Chapter 4 describes the situation in the new millennium as China further integrates into the international market. Examining a set of visual media representing white-collar work, fashion, and romantic love, Hui describes the teaching, learning, and acquisition of middle-class subjectivities through the consumption of popular cultural products. Chinese middle-class culture has anticipated the emergence of a new social actor – the petty bourgeoise – as, again, a class fraction that the state and capital, in turn, have shaped and overdetermined.
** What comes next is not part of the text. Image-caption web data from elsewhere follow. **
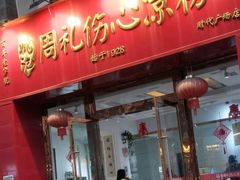 -姚记.周礼伤心凉粉(时代广场店)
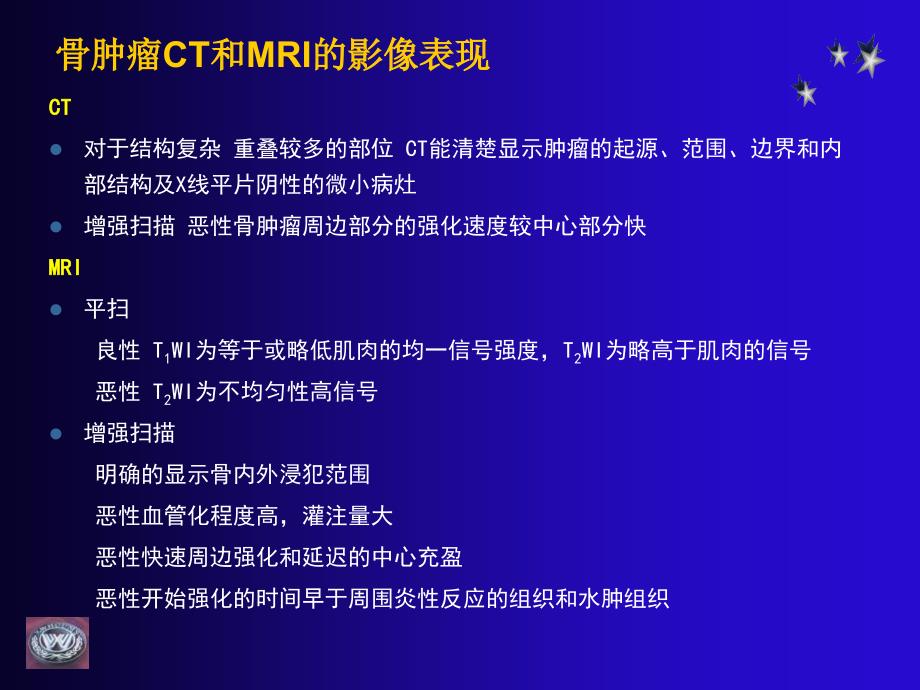 骨肿瘤CT和MRI的影像表现_第1页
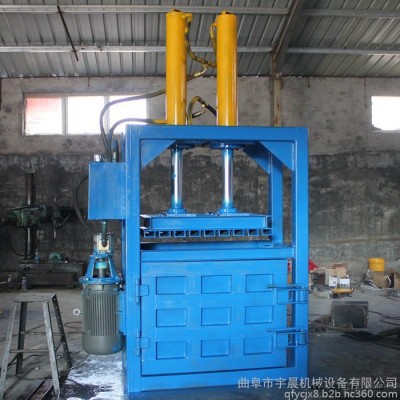 廢紙液壓打包機 廢鋁塑料瓶易拉罐壓塊機批發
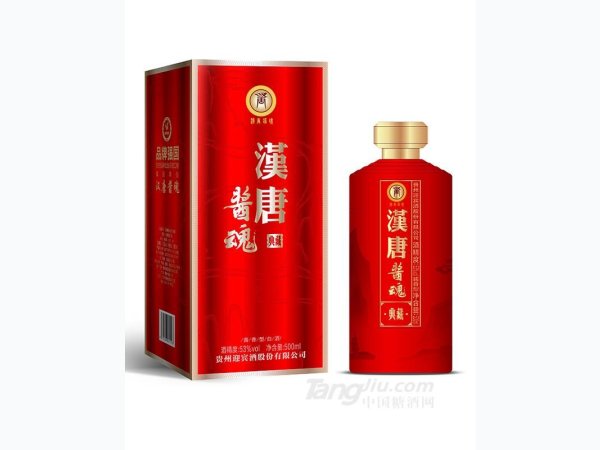 53&deg;汉唐酱魂典藏 酱香型白酒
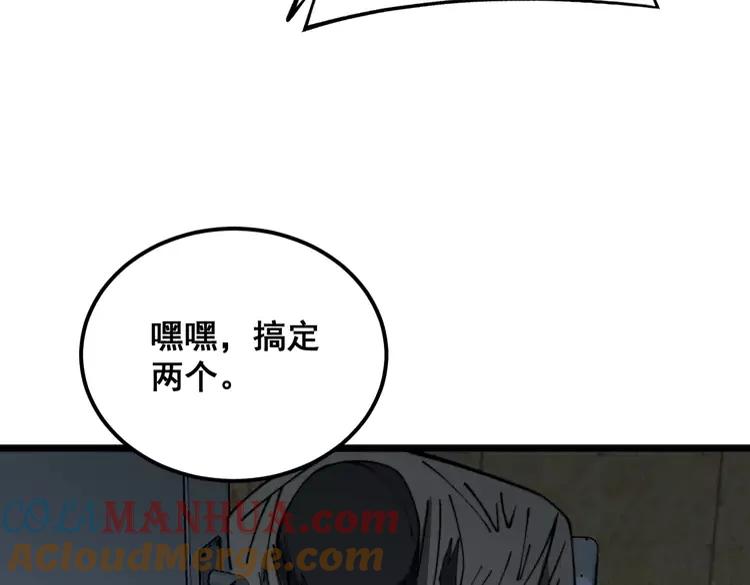 毒手巫医 第383话 大狂欢 第69页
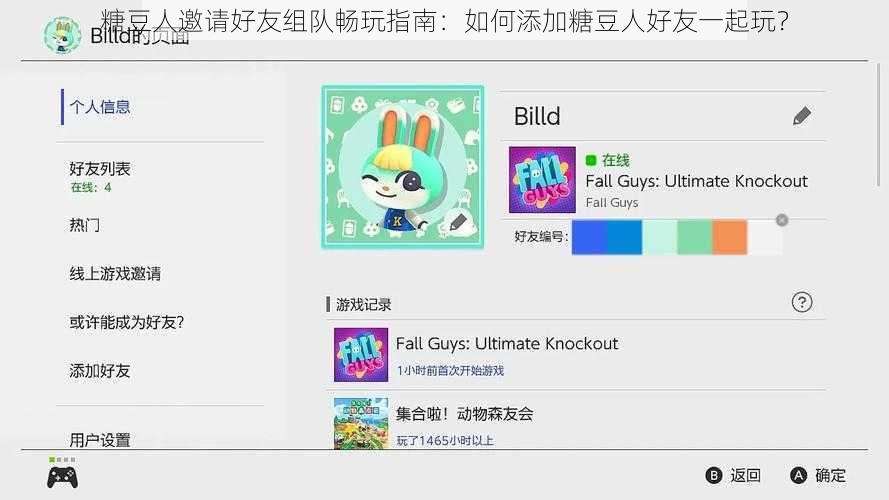 糖豆人邀请好友组队畅玩指南：如何添加糖豆人好友一起玩？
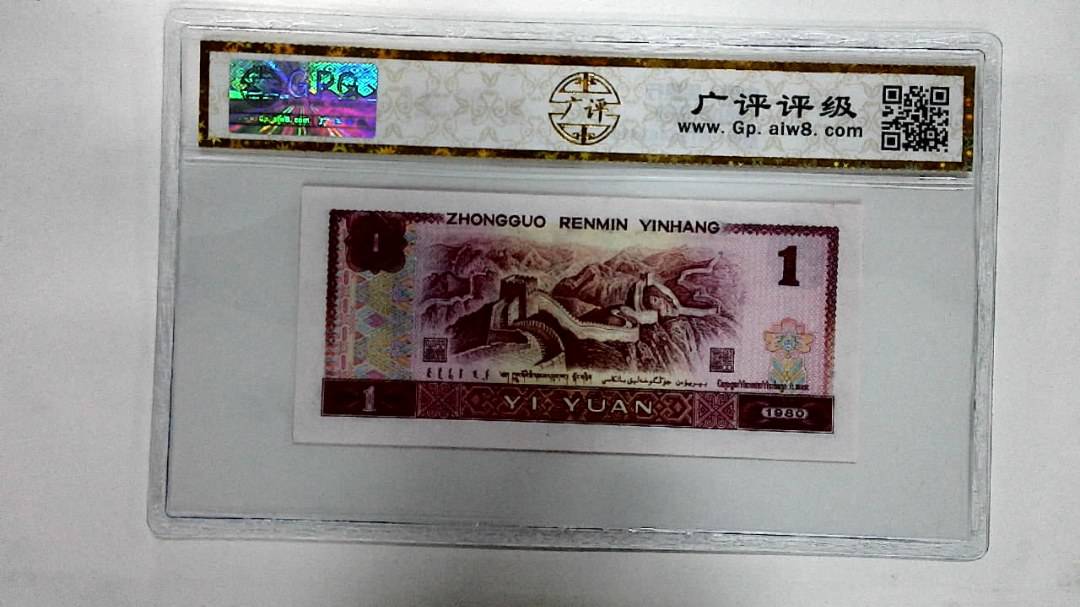1980年壹圆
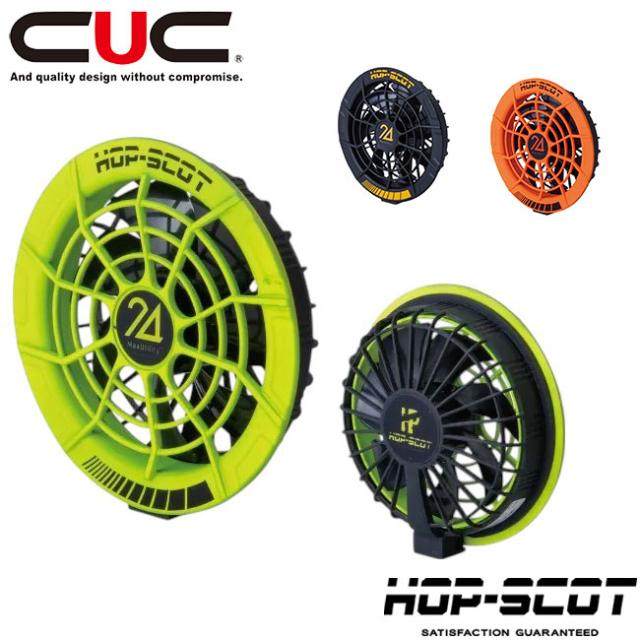 CUC HOP-SCOT MAX.24V フリーアジャストファン 【993006】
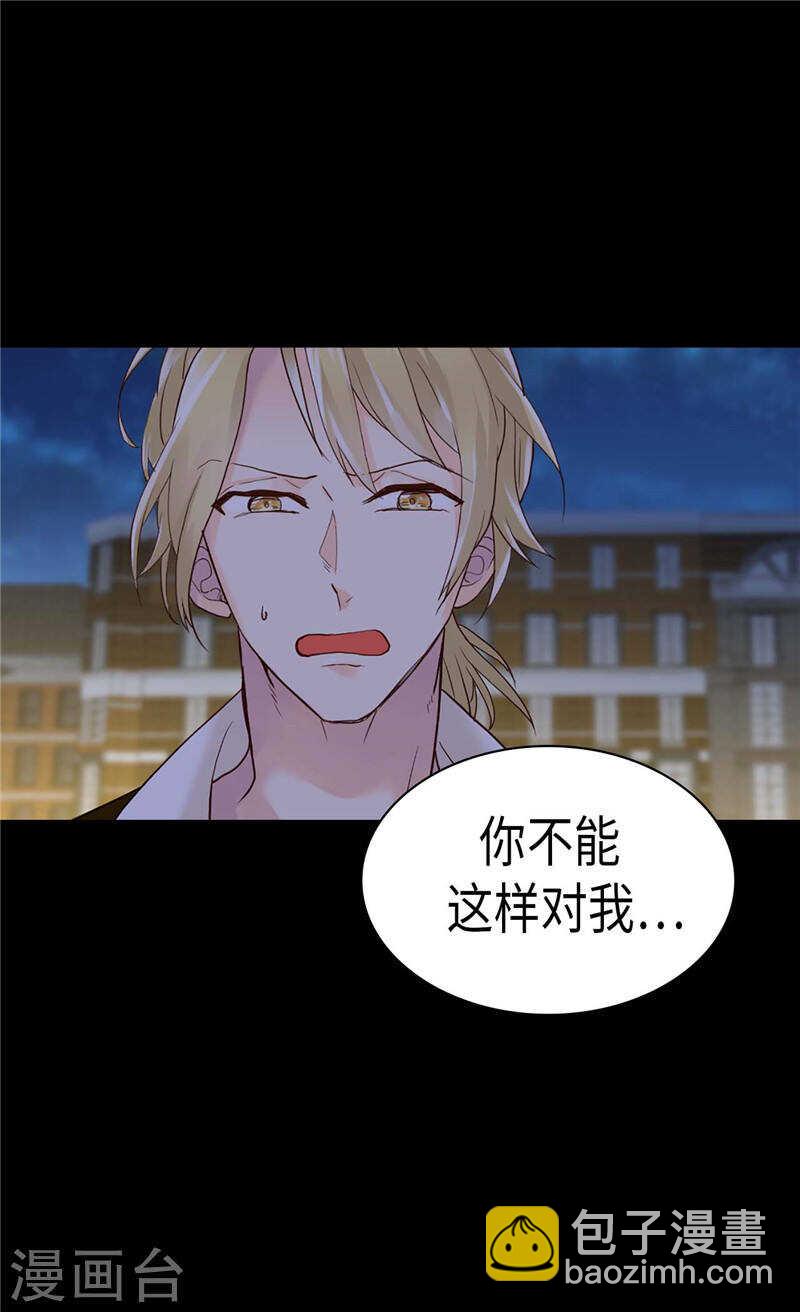 🍜异世界皇妃 第213话 人生最大的败笔 第28页
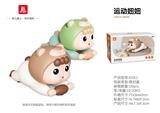 OBL10347825 - Other electric toys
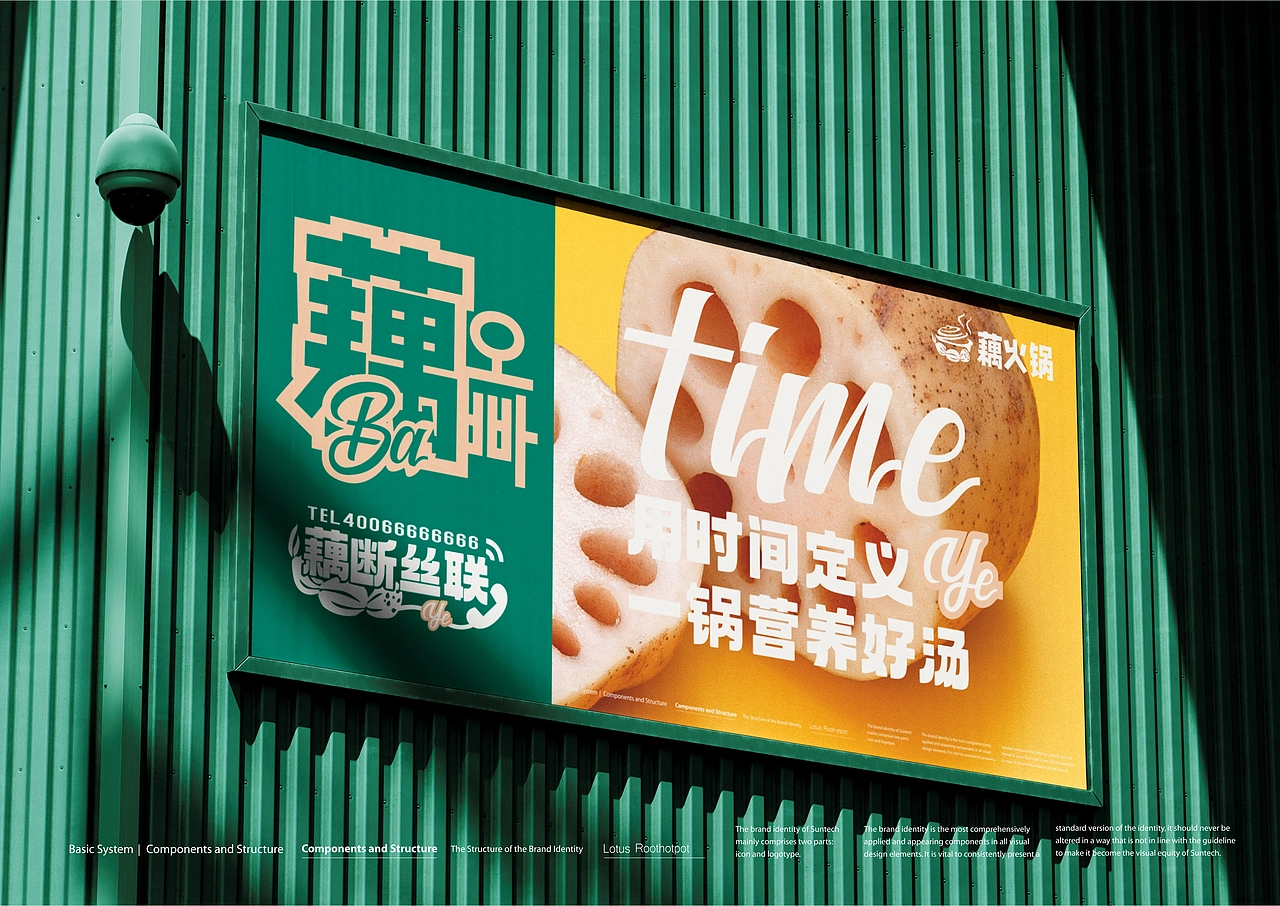 藕火锅品牌全案定制VIS系统升级-上海因心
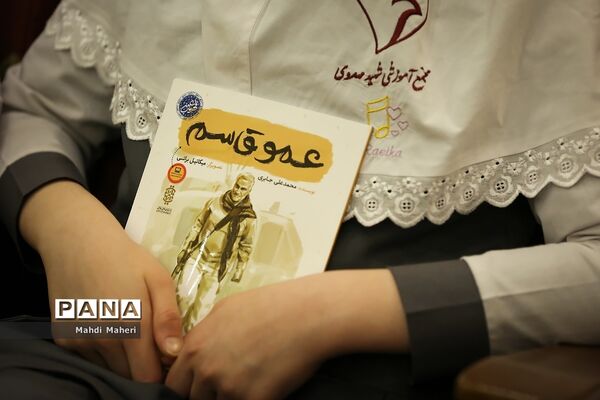 آیین همدلی دانش‌‌آموزان ایرانی با کودکان غزه
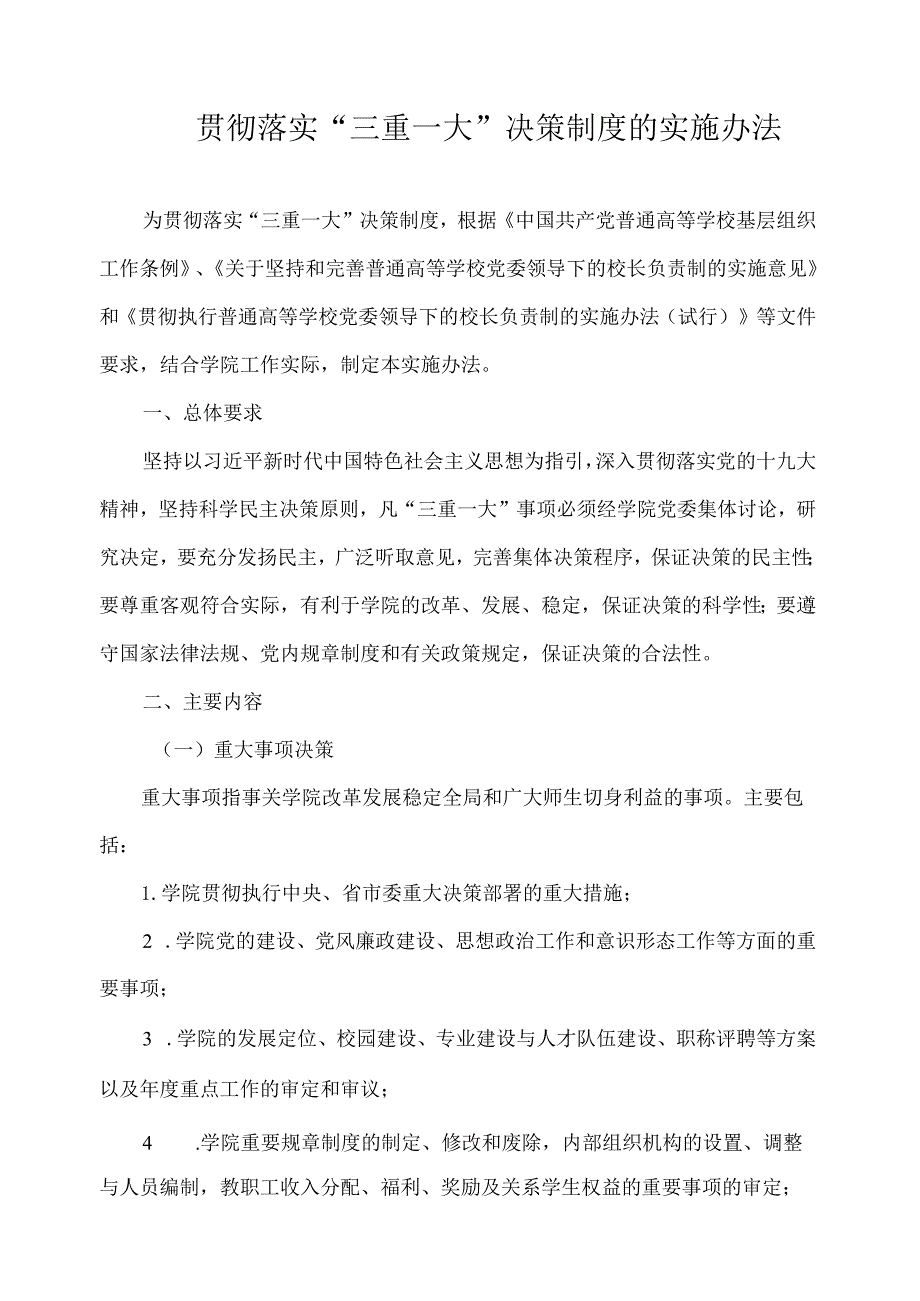 贯彻落实“三重一大”决策制度的实施办法.docx_第1页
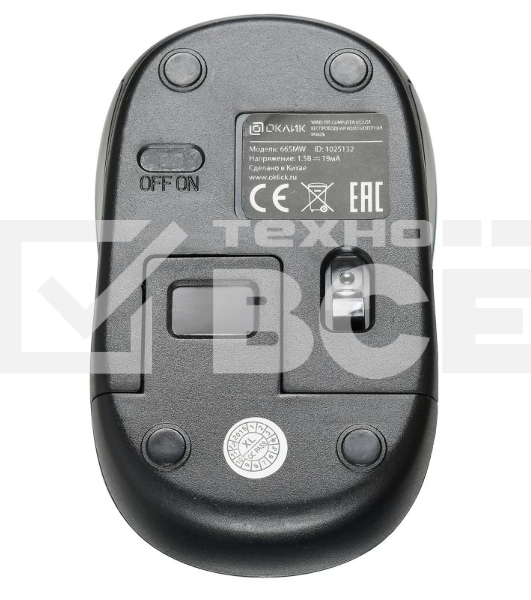 Мышь беспроводная Oklick 665MW черный/синий, 1000 dpi, радиоканал, USB, кнопки - 3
The last two chapters add a more complex and nuanced reading of China’s social transformation manoeuvred by the state and capital through the discussion of fashion labour and waste. The aspirational and glamorous middle-class imaginations are largely undergirded by alienated migrant labour (Chapter 5) and the accumulation of disposable objects (Chapter 6). The examination of documentaries on these topics acutely emphasizes the role of gendered, ethnicized, and disciplinary labour in buttressing China’s integration into world capitalism and that the desire for fashion commodities, as collective yearning, reveals both the productive and the cruel sides of consumption. Moreover, Hui’s psychoanalysis of a film about waste resulting from excessive production and consumption unfolds a utopian lifeworld in which rubbish marks a departure from the capitalist consumer mentality in globalizing China.
Rich in theoretical engagement, The Art of Useless vividly demonstrates the correspondence of the changes in national culture and social actors with the ideological and economic interests of the state and capital in post-socialist China. The book offers original insights into the interactions between culture and subject formation, the aspiration and cruelty of consumption, and the temporal-spatial (re)organization of national culture and local, national, and transnational capitalism. It will be of interest to researchers and students involved in cultural studies, fashion studies, Chinese cinema, media studies, cultural criticism, and critical analyses of media and gender.